=== Instructions for the task ===
From the line with "лікарні Тростянця Заочно" through the line with "Meng Model SS-004", repeat the entries verbatim, both end lines included, and add nothing.

[Data excerpts]
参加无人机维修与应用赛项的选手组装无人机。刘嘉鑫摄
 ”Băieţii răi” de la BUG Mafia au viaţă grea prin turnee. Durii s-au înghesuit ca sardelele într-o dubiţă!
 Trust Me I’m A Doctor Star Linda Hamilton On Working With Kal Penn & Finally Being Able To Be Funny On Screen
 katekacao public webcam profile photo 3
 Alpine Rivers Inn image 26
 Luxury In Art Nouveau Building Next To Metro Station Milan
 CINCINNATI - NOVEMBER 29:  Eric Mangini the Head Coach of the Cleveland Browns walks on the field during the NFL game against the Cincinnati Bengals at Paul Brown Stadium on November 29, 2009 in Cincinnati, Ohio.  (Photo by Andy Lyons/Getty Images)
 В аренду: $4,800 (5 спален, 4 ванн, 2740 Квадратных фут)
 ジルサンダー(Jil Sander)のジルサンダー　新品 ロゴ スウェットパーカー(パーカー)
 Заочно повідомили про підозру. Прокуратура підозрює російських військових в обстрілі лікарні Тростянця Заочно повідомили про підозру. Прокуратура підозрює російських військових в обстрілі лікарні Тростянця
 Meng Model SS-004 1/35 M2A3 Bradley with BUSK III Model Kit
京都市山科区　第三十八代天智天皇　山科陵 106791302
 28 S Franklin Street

=== Task response ===
 Заочно повідомили про підозру. Прокуратура підозрює російських військових в обстрілі лікарні Тростянця Заочно повідомили про підозру. Прокуратура підозрює російських військових в обстрілі лікарні Тростянця
 Meng Model SS-004 1/35 M2A3 Bradley with BUSK III Model Kit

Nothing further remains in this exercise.